= Norman Campbell (politician) =

Australian politician

Major E. S. Norman Campbell (c. 1804 – 6 January 1859) was a politician in the newly declared colony of South Australia, later served in the neighboring colony of Victoria in a number of senior Government positions.

He served as an officer with H.M. 22nd Regiment (perhaps the 22nd Regiment of Foot) and as a lieutenant in 1830 published a dictionary which served as a manual for young officers and whose revised edition of 1844 is still available as a reprint today.

He was a member of the board of the Australian Mining Company, which had a mine at Tungkillo, but was forced to resign in July 1851, for (unspecified) "acts on his part which the directors felt themselves unable to sanction", to be replaced by William Forster.

He was appointed one of the "Non-official Nominees" for the Legislative Council in February 1851 and resigned in December 1851, and was succeeded by George Anstey. He resigned his appointments as Special Magistrate and Justice of the Peace for South Australia and as Trustee of the Savings Bank of South Australia.

He moved to the neighbouring colony of Victoria, where he was appointed Registrar-General and Chairman of the Road Board, among other positions. (After his death, the position of Registrar-General devolved to William Henry Archer (1825 – 29 April 1909), who had acted in that position and had reasonably expected to have it made permanent before Campbell's elevation, but worked cheerfully as his assistant.)
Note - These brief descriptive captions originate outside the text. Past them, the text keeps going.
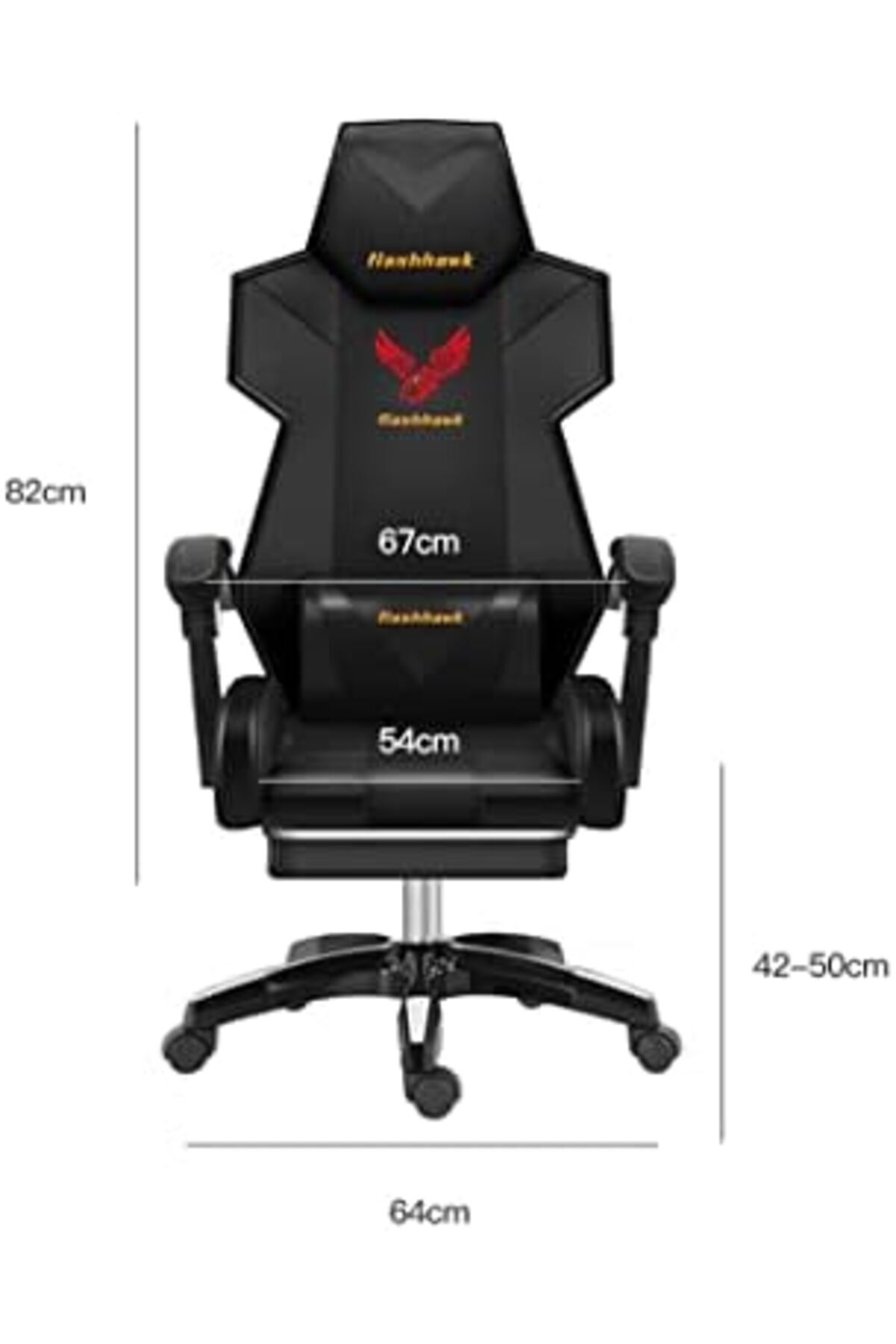 sharpdo-Gaming Chair by Sharpdo, Racing-Style Computer Office Chair with Headrest and Lower Back Support 4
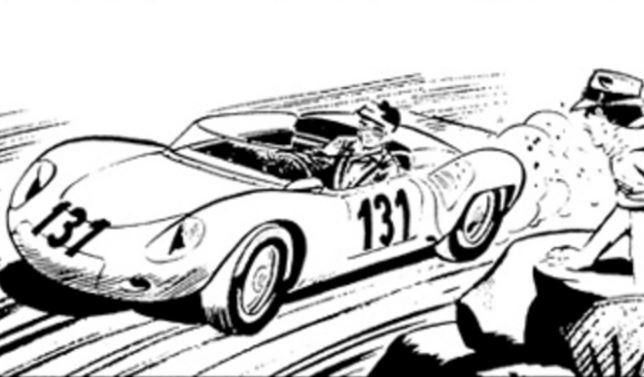 Hot Rod Printable Coloring Page | AllFreePaperCrafts.com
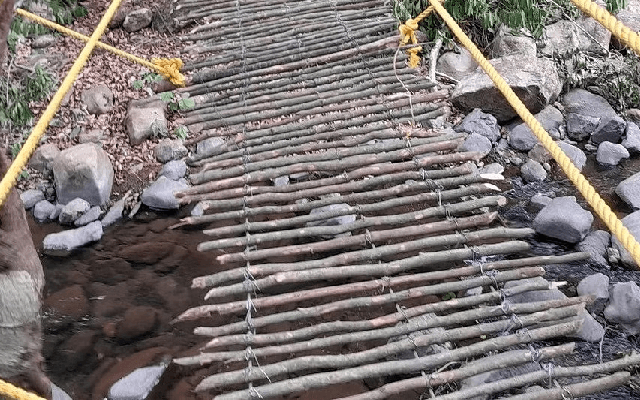 Tragic Incident in Hosnagar: Woman Dies After Slipping from Footbridge
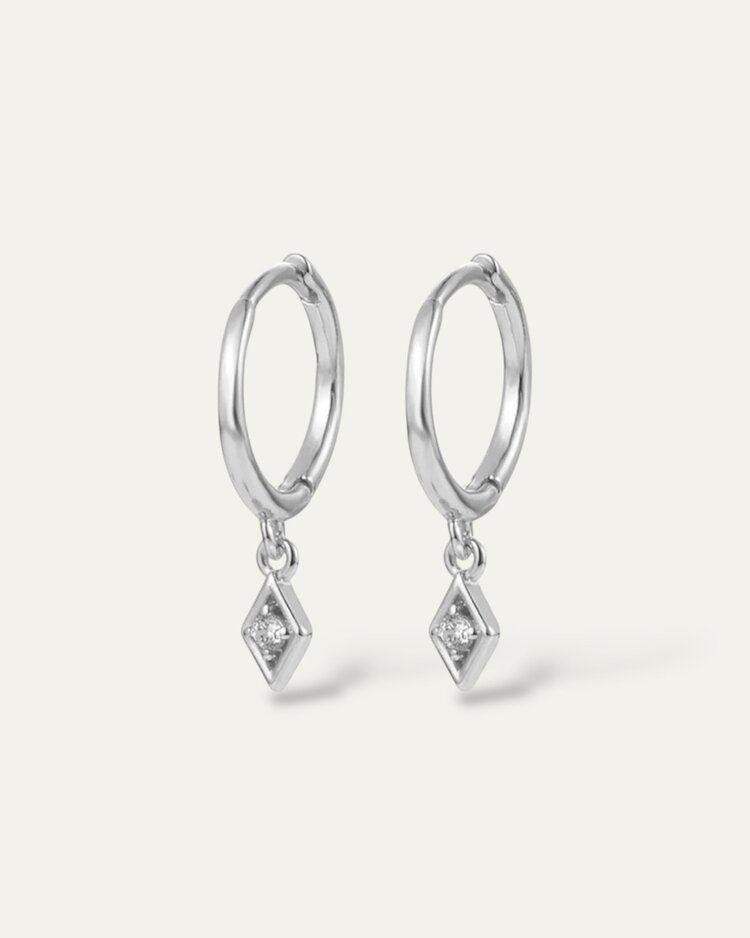 Charlotte Boutique & Bijoux BOUCLES D'OREILLES - ÉTINCELLE ARGENT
He died in Hobart Town, Van Diemen's Land (today's Hobart, Tasmania). The circumstances of his last years invite speculation: the resignation from his various positions and departure from South Australia was accorded the briefest of mentions in the Press; the appointment of this no doubt talented and well-mannered "outsider" as Victorian Registrar-General (which despite protestations by supporters may have been a boondoggle); his unexplained presence (and death) in Hobart, where a funeral was held at his residence, 2 Fitzroy Place, followed by the most parsimonious of obituaries in all three colonies, smack of deferential reticence on the part of the Fourth Estate.

==Bibliography==
- Campbell, E. S. N. A Dictionary of the Military Science 1830, new edition pub. London by James Maynard 1844

==Family==
His only daughter, Madeline Gertrude Campbell (c. 1832 – 18 April 1878) lived at Octavia Street, St. Kilda, Victoria.